Tuesday, January 6, 2015

Ceph Pi - Adding an OSD, and more performance

So one of the most important features of a distributed storage array is that...  being distributed you should be able to expand it quickly in terms of size as well as  get better throughput and performance as you add more nodes..

We are going to add another Raspberry Pi + USB attached HDD ( Pi1) as an OSD.

This will make our cluster look like

  1. Monitor, Admin, Ceph-client - ( x64, gig port, hostname: charlie )
  2. OSD ( Rapberry, 100Mbp eth, USB attached 1TB HDD, pi2)
  3. OSD ( Rapberry, 100Mbp eth, USB attached 1TB HDD, pi3)
  4. New OSD ( Rapberry, 100Mbp eth, USB attached 1TB HDD, pi1)
Attaching another OSD is pretty easy! (note - I am using Pi1, which was already initialized in previous guides, so there are some steps missing here)

http://millibit.blogspot.com/2014/12/ceph-pi-installing-ceph-on-raspberry-pi.html

From the Monitor/Admin node (nor running on my x64 box) we run
 ceph-deploy install pi1  
 ceph-deploy osd prepare pi1:/mnt/sda1  
 ceph-deploy osd activate pi1:/mnt/sda1  



Here is the performance of the cluster while the OSD was being added.  Its a pretty complex graph, but it does cover all the KPIs we are tracking.  

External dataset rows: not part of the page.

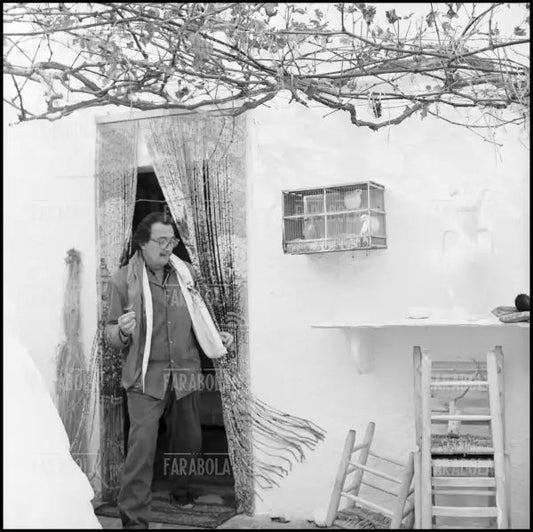 Salvador Dalì a Port Lligat, 1957 - Farabola Immagine digitale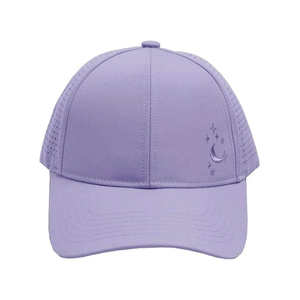 Casquette unisexe réglable avec ouverture arrière, respirante, pour tous les jours et les activités de plein air - Product Image 1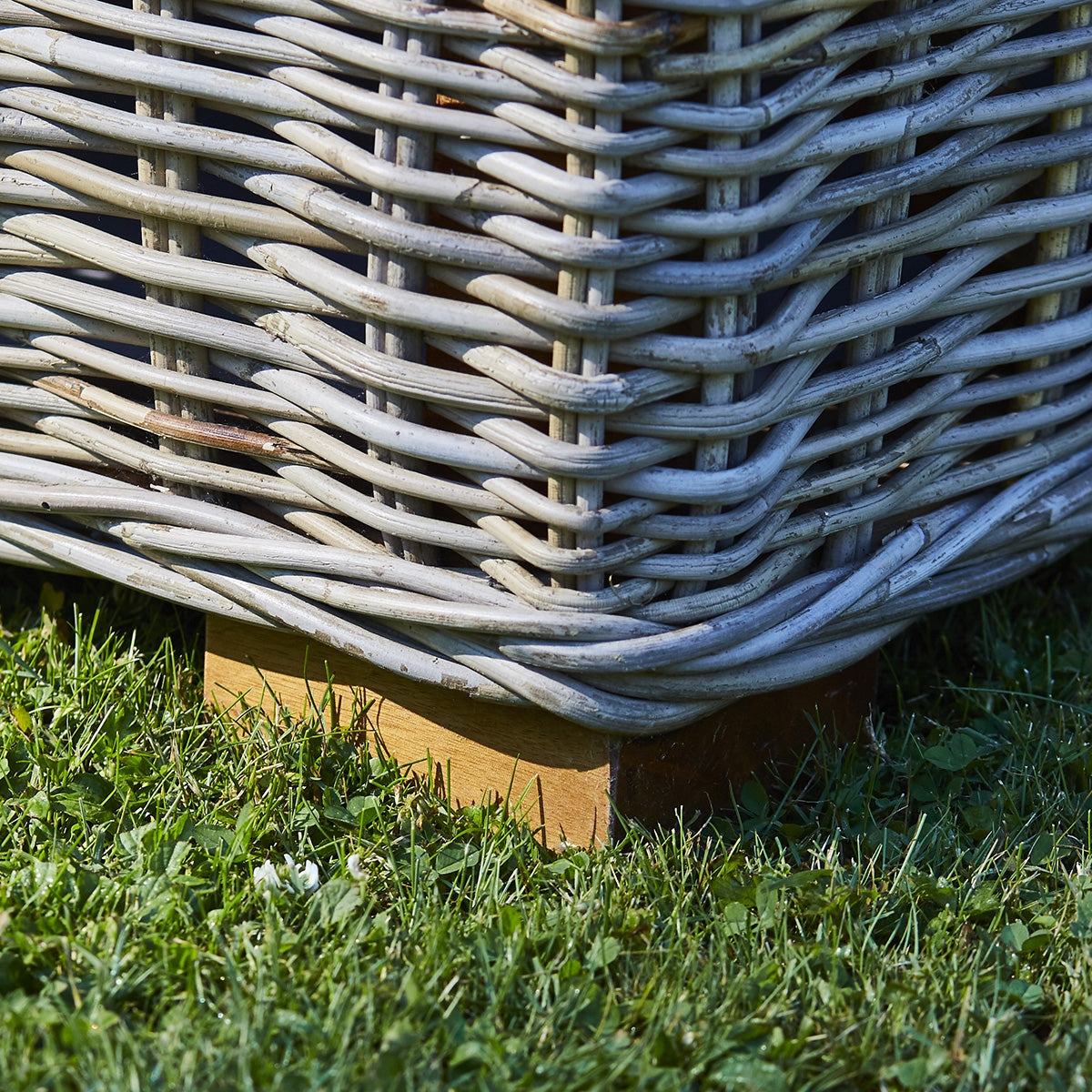 MUSA - Poltrona da giardino in kubu naturale con poggiapiedi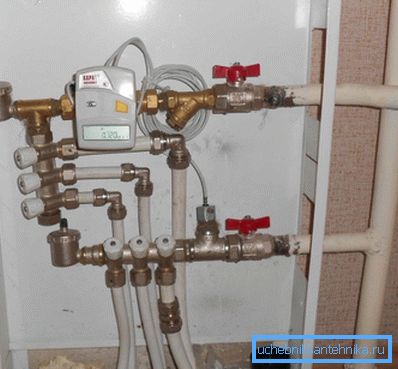 Horisontal kollektor ledninger i leiligheten. Horisontal kollektor ledninger i leiligheten.
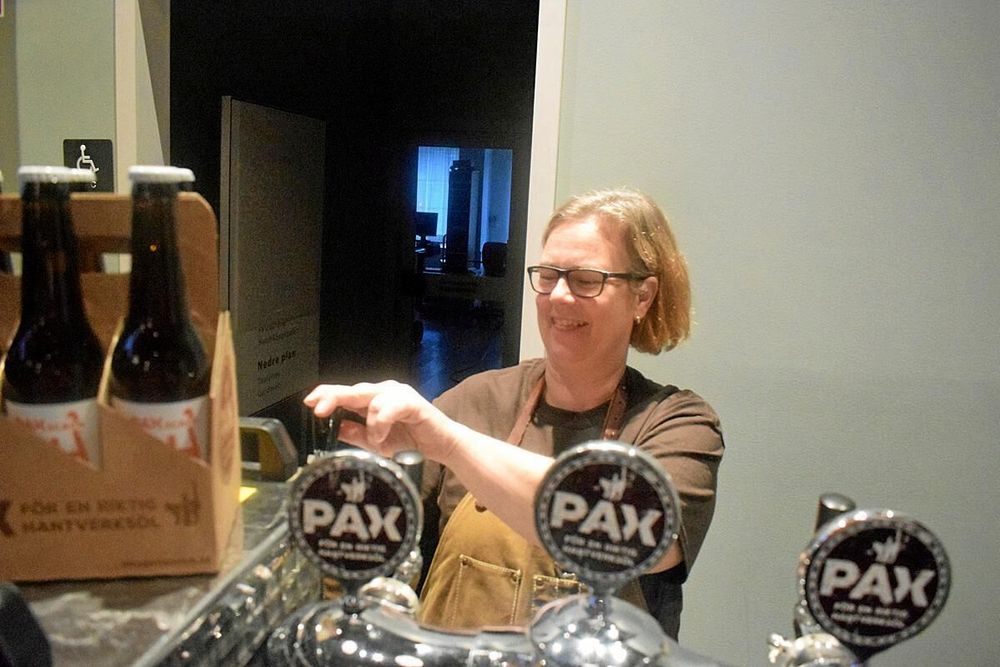 Marika Sjöström serverade öl från Pax Brygghus som har sin verksamhet i Flyinge utanför Eslöv.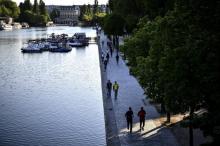 Des promeneurs le long du Canal de l'Ourcq à Paris durant le confinement, en avril 2019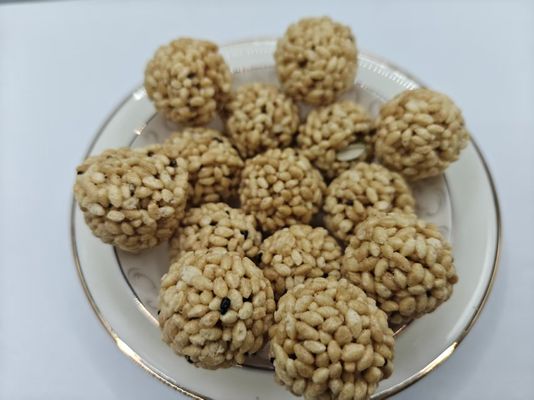 Paquetes a granel de bolas de arroz con frutos secos y alto contenido de proteínas, origen del país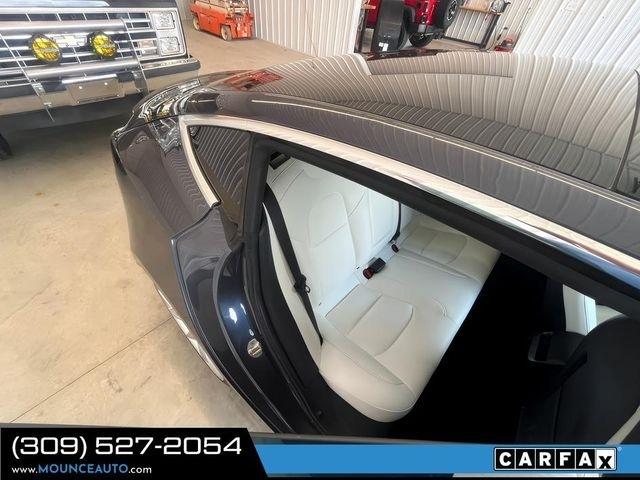 Tesla Model 3  2019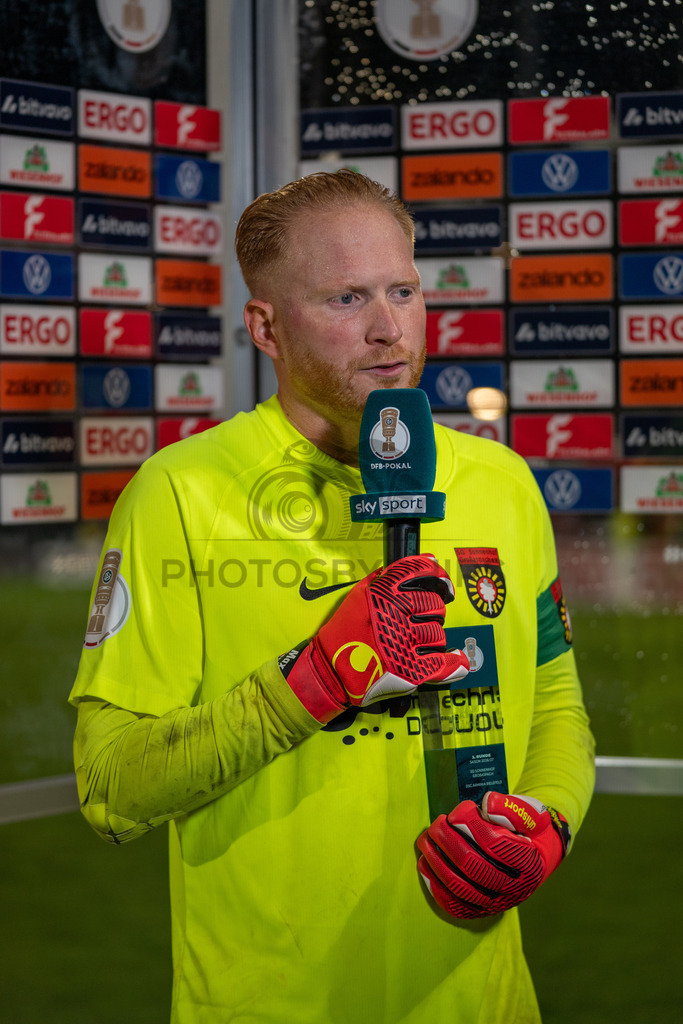 SG Sonnenhof Großaspach vs. Arminia Bielefeld, Fussball, DFB-Pokal, 1. Runde, 22.08.2026 | Maximilian Reule (SG Sonnenhof Großaspach, #01),SG Sonnenhof Großaspach vs. Arminia Bielefeld, Fussball, DFB-Pokal, 1. Runde, 22.08.2026,DFB regulations prohibit any use of photographs as image sequences and/or quasi-video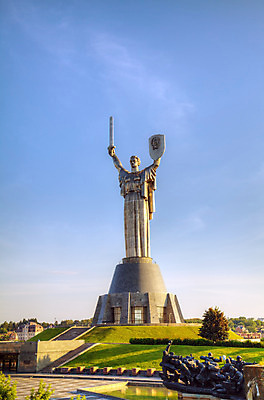 포토 JPG 해외이미지 여자 유럽 조각 건축양식 하늘 엄마 사람없음 야외 햇빛 조각상 일몰 역사 칼 큼 심볼 받침대 박물관 전쟁 방패 기념물 애국심 천연기념물 우크라이나 철강 필승 해외202004 해외포토 건축 나라 가족 사람 태양 조형물 노을 우승 크기 파일형식 이미지허브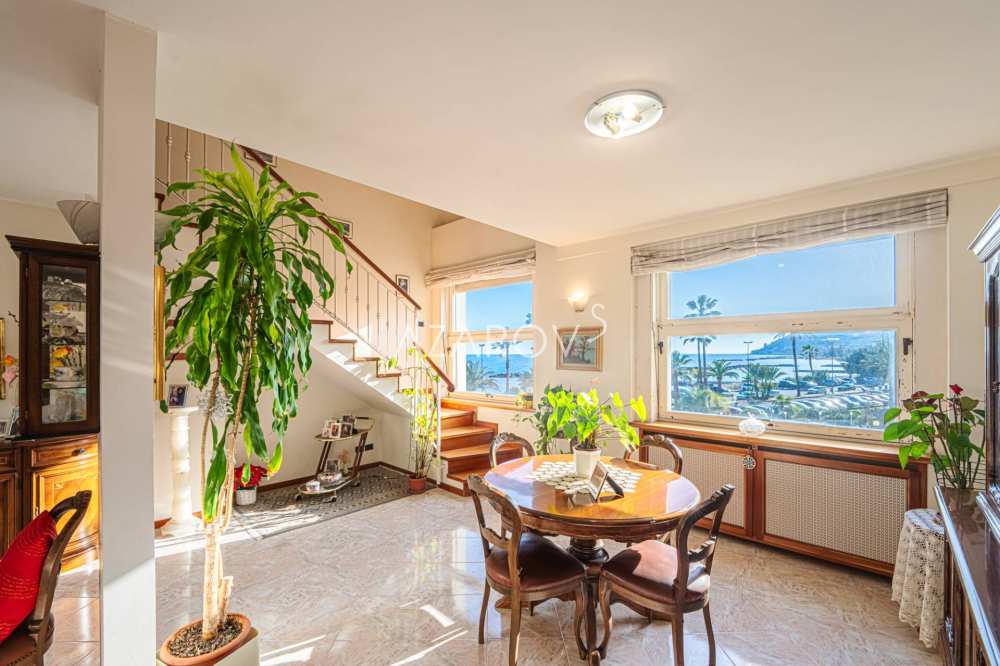 Appartement en première ligne de mer à Sanremo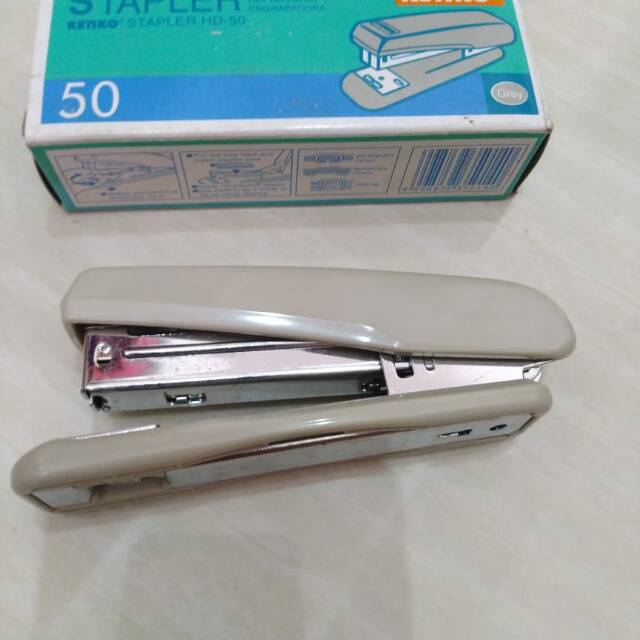 

stapler kenko besar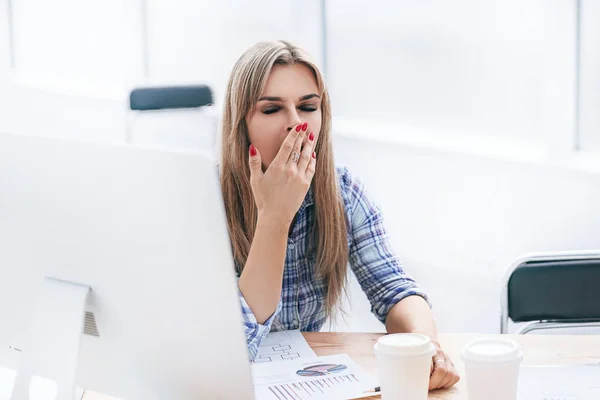 Tired employees working with financial documents in the office — Stock fotografie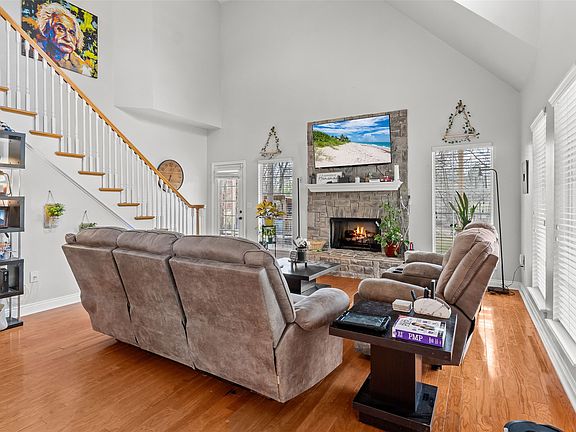 2nd image of 650 Myrtle Springs Rd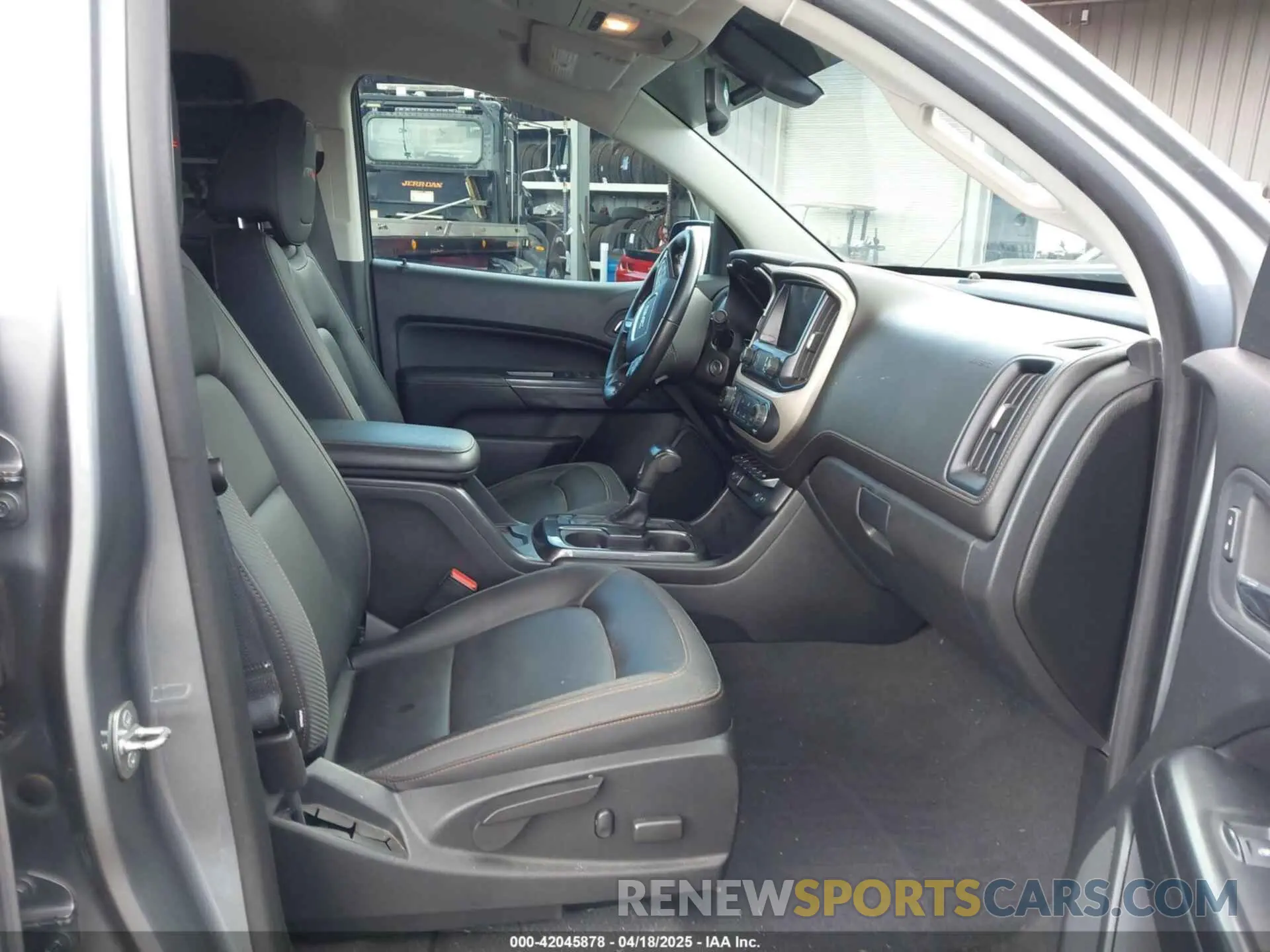 5 fotografías del automóvil dañado 1GTG6FEN8M1275345 GMC CANYON 2021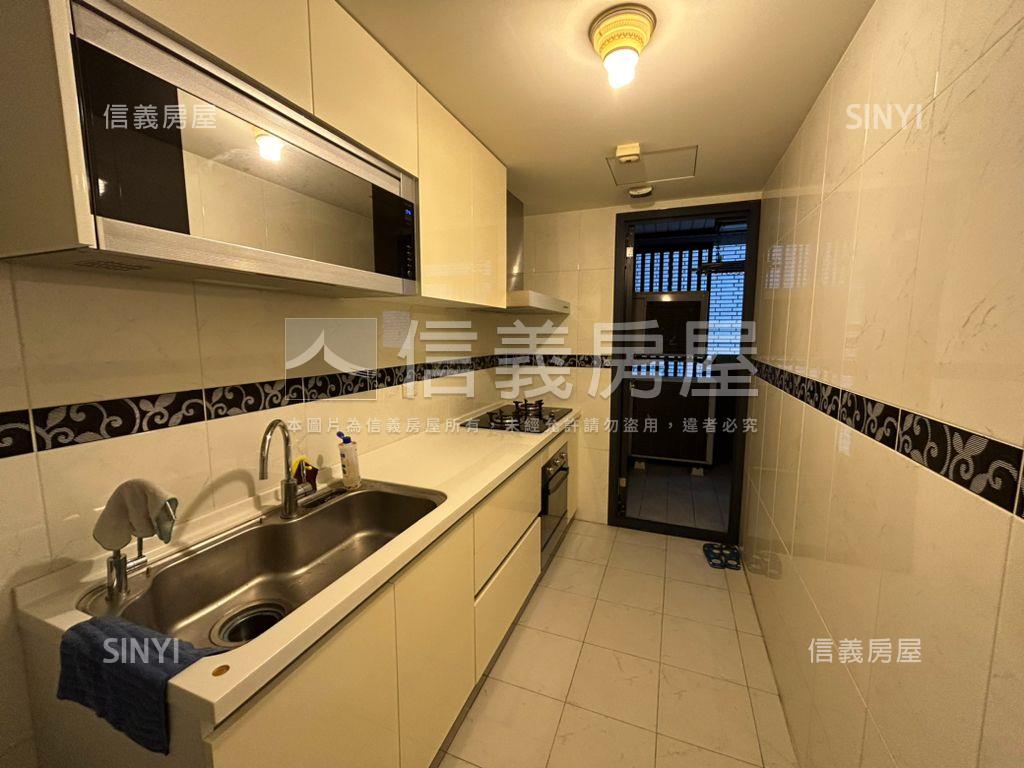 西門稀有三房車位房屋室內格局與周邊環境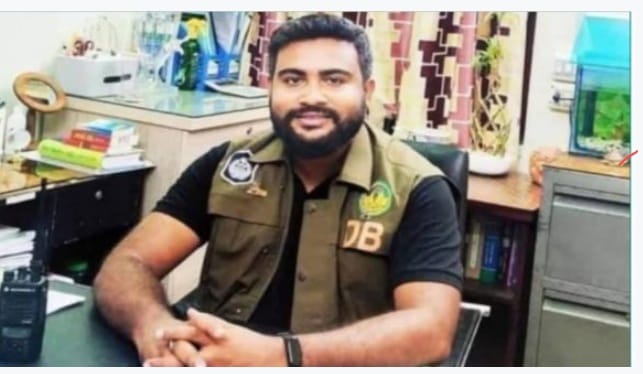 চাঁদাবাজি মামলায় দুই দিনের রিমান্ডে বহিষ্কৃত এসআই হাসান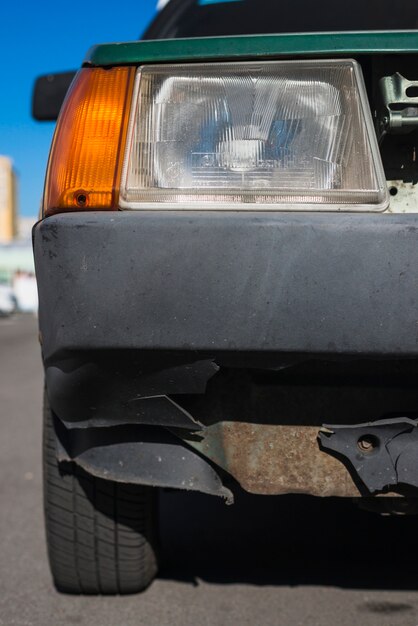 Oude auto met gebroken bumper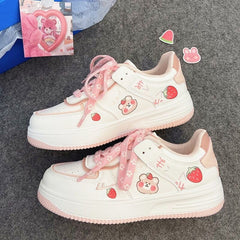 Lindos zapatos preppy Zapatillas estéticas para niñas con oso de fresa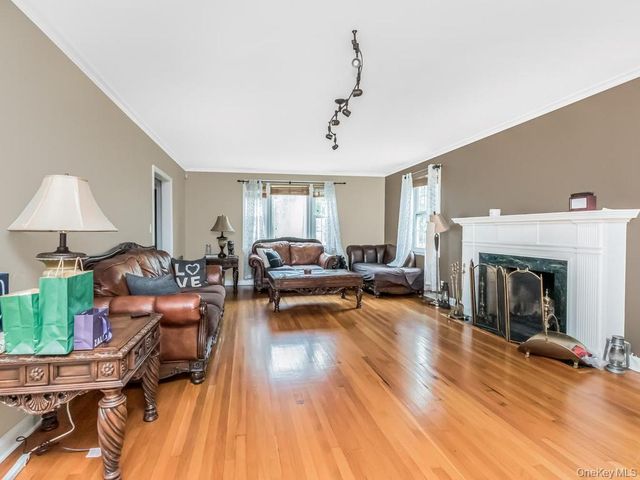129 Jackson Avenue, Pelham, NY 10803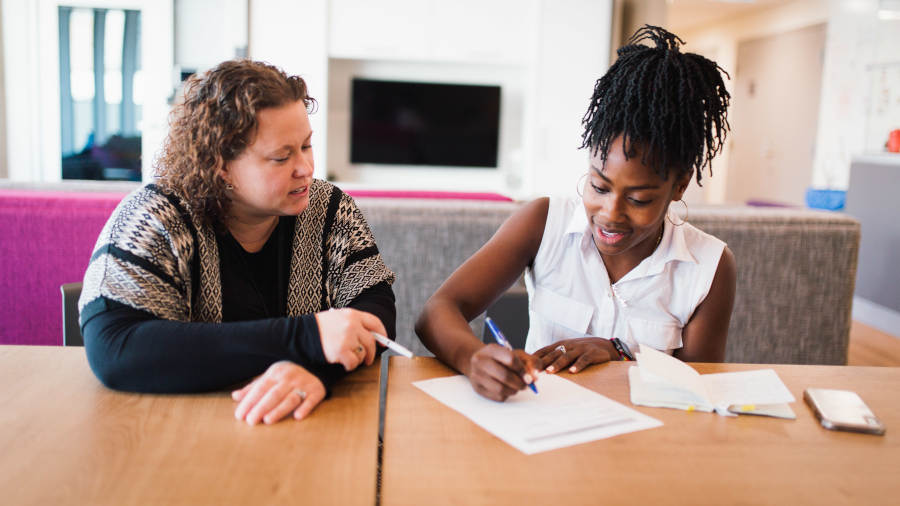 Social services youth worker jobs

Saving data to the ceph-cluster

We are getting measurably better performance from the 3 OSD ceph-cluster.  The throughput is at about 44Mbps.

This compares very favorably to the 2 OSD test which run at about 30Mbps.  Here is the data as a reminder

The Raspberry Pis had their CPUs peaked pretty flat, so I am not sure we can squeeze a whole lot out of them.

Here is the ethernet port utilization on all the OSD Raspberrys.


Loading data from the ceph cluster

Performance when loading data from the ceph cluster was surprisingly lower than writing the data!  It was stuck at 40Mbs
  As a matter of fact we are running at exactly same speed as we did when we had only 2 OSDs involved (reference the previous article).

Here is the graphs of the CPU on the Raspberry OSDs.

The utilization of the CPUs is pretty low and we have quite a bit of head room.

Finally here is the throughput from the individual network utilization from every OSD.



And just because it looks cool and matches perfectly the throughput of the ceph-client host, here is the stack line graph of the same data.

Conclusion.

Adding an extra OSD gave us a measurable boost on the writing end of the equation.  It did nothing for reading performance.  We did observe lower loads both on the OSD CPUs and network utilization, yet the numbers on the client were unmoved.  

I am at a loss as to how to explain this.  There is a core on the client that is doing an inordinate amount of Wait...  but why? Maybe it is network latency of some sort?  Thought I am on a gig switch that has all devices plugged in directly...  I do not know.

The next step (and probably the last in this series) will be measuring concurrent access.  See where that takes us.  

Ideas and requests are welcome.